_PROVIDED ENTRIES:_
==*==
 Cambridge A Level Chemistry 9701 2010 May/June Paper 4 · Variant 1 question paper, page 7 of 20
==*==
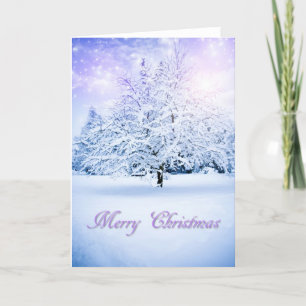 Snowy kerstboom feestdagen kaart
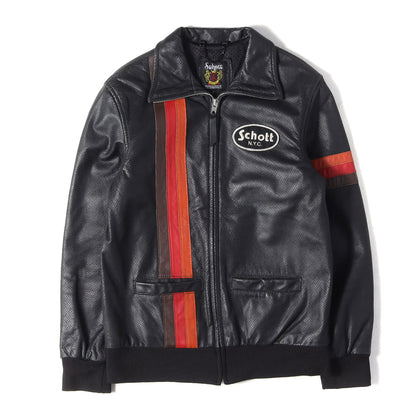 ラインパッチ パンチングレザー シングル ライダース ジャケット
==*==
_YOUR GOAL:_
Copy exactly the lines of the entries above from the one containing "Snowy kerstboom feestdagen kaart" through the one containing "ラインパッチ パンチングレザー シングル ライダース ジャケット". Both end lines count; pictures do not.

_WRITTEN ANSWER:_
 Snowy kerstboom feestdagen kaart
 ラインパッチ パンチングレザー シングル ライダース ジャケット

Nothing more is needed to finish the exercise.